L'appello ai leader del G7 di Mauro Garofalo (Comunità di Sant'Egidio) affinché si trovino soluzioni concrete per la pace in un mondo in guerra

Foto: www.santegidio.org

L’imminente summit del G7, che si terrà dal 13 al 15 giugno a Borgo Egnazia (in Puglia) promette di essere un evento cruciale per discutere alcune delle questioni più pressanti del nostro tempo, tra cui la promozione della pace globale. In un mondo sempre più caratterizzato da conflitti e tensioni, i leader mondiali si riuniranno per studiare soluzioni concrete e collaborative.

Sulle aspettative e le speranze di pace dal G7, Interris.it ha intervistato il dottor Mauro Garofalo, responsabile delle relazioni internazionali della Comunità di Sant’Egidio, una delle più influenti organizzazioni internazionali nel campo dell’aiuto umanitario e della mediazione di pace. Con una lunga storia di impegno per la risoluzione pacifica dei conflitti, la Comunità di Sant’Egidio svolge un ruolo cruciale nel promuovere il dialogo e la cooperazione tra le diverse comunità.

L’intervista a Mauro Garofalo

Nelle intenzioni della premier Giorgia Meloni, il G7 “non sarà una fortezza, ma un’offerta di valori che si apre al mondo. Per questo sarà inevitabile cominciare il vertice dalle aree di crisi: le guerre in Ucraina e Medio Oriente”.

Perché è centrale che il G7 apra mettendo il tema “pace” a inizio lavori?

“Credo non solo che sia centrale, ma che sia assolutamente prioritario. Il mondo sta attraversando un periodo di grande crisi. Recentemente è stato pubblicato uno studio dal PRIO (Istituto di Ricerca per la Pace) di Oslo in cui si evidenzia che non ci sono mai state così tante guerre come in questo momento storico: sono più di 59! I leader dei grandi Paesi democratici del G7 devono quindi urgentemente mettere in campo strategie per diminuire il numero di guerre e il tasso di violenza globale”.

Cosa altro auspica la Sant’Egidio dai grandi del mondo riuniti a Borgo Egnazia?

“Auspichiamo che affrontino con intelligenza e lungimiranza le grandi sfide del nostro tempo. In primi la guerra, come già detto. Ma anche che trovino soluzioni efficaci in fatto di immigrazione e sul grande tema della povertà. Sono tutte tematiche che i Paesi del G7 devono portare al tavolo della discussione con responsabilità. Ma direi che tra tutte, in questo momento, la pace è la questione più urgente. La guerra è un incendio che minaccia tutto e tutti, in ogni continente”.
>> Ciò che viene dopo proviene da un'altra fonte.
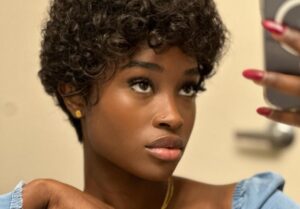 Teint naturel – beauté divine: Amina Mbengue, suscite l’attraction sur Twitter 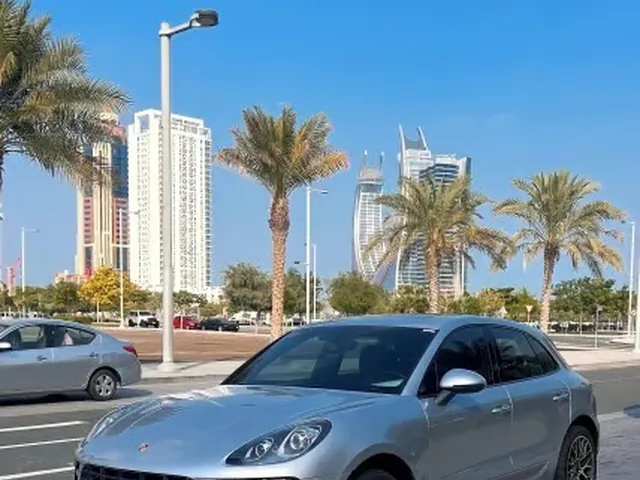 صورة 2015 بورش ماكان S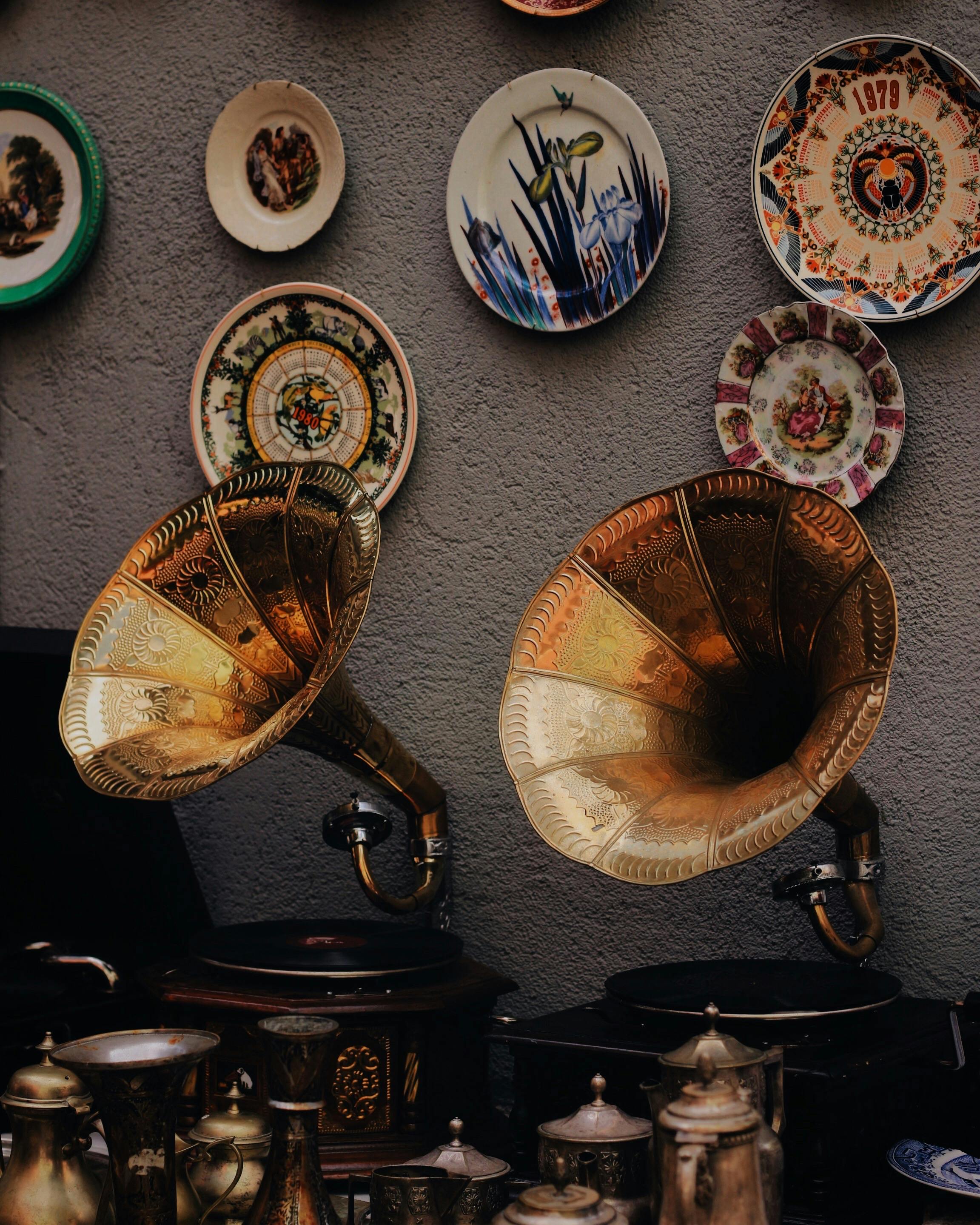Golden gramophones and vintage plates create a retro ambiance indoors.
Ma è ancora possibile una “cura contro il male della guerra” o la pace nel mondo è solo un’utopia?

“Noi della Sant’Egidio ripetiamo che la pace è sempre possibile: ne siamo fortemente convinti e lavoriamo in tanti scenari per aprire vie di negoziato laddove sembra non vi sia alternativa al conflitto. Se c’è unione di sforzi e intenti non solo nella società civili e tra i grandi del mondo, ma anche da parte dei leader religiosi, la pace è possibile e non è un’utopia. Non dimentichiamo che al G7 è presente anche l’Unione Europea come osservatore. L’Europa è stato a lungo un continente che ha dimostrato che è possibile vivere in pace per decenni; e, anzi, rendere quasi impossibile fare una guerra. Questa è una lezione su cui i grandi dovrebbero riflettere”.

Come vivere concretamente la pace?

“La pace deve incarnarsi in una cultura, in un vissuto quotidiano. È quello che noi proviamo a fare con tante altre attività in Italia e all’estero, come le Scuole della Pace in Ucraina. Da alcuni mesi i nostri giovani in Ucraina ne hanno aperta una in un rifugio antiaereo a Kharkiv: costruiscono pezzi di pace in uno scenario difficilissimo. La Comunità di Sant’Egidio testimonia che è possibile stare insieme e vivere in pace tra persone di cultura, età, religione ed etnia diversa. Noi questo lo sperimentiamo tutti i giorni; speriamo che anche altri lo facciano”.